I wanted you to be delivered, hoisted up and kept safe. The sharp shells beckoned.

The night was supposed to blanket, warm, safe, instead of rocks. The birds drew up their wings and left. The last breath slipped. There are a hundred conversations we haven’t had, maybe a thousand. Maybe you know all this, maybe you are unreachable.

The snow in drifts swallows our legs, the smear of moon against black. I don’t need the stars to feel small. I don’t need for blue to have never existed to see it now, unspooling in swaths, the hills you roamed with me, berry-stained and thorn-pricked. We knew West. We knew the upended eggs of Solstice. You gave me the wisdom of the perfect crumb, the finest dice against the sharpest blade, the herb cultivated from thick red clay. You slid into my hand words like bread, like wine. Mule deer and meadowlark as we snaked through canyons. You gave me breath and light most of all.
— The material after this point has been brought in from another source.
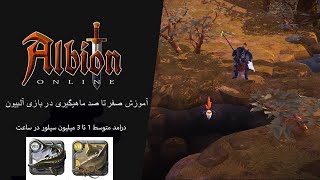 معرفی و برسی کامل ماهی گیری در بازی آلبیون🔥(Albion online)🔥درآمد ثابت یک تا سه میلیون سیلور در ساعت🤑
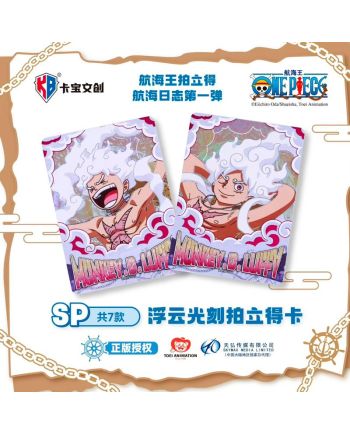 Cartes spéciales SP brillantes One Piece KB Card avec Luffy Gear 5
You taught me to bend and serve people who expected less than air. You taught me to listen for  nighthawk coo in its swoop. You showed me how a garden holds fast, how a horse’s mane twitches with your touch. We earned our scallop shells, the rose windows shone red and blue in your smoky eyes. You blinked against the incense so thick we could eat it.

Now birds perch above you, your name in stone. If you can, if that is how any of this works, you’ll watch them, name them, speak to them in lilt like air. “Good morning, now stop fussing.” And they will pause for you and sing in response.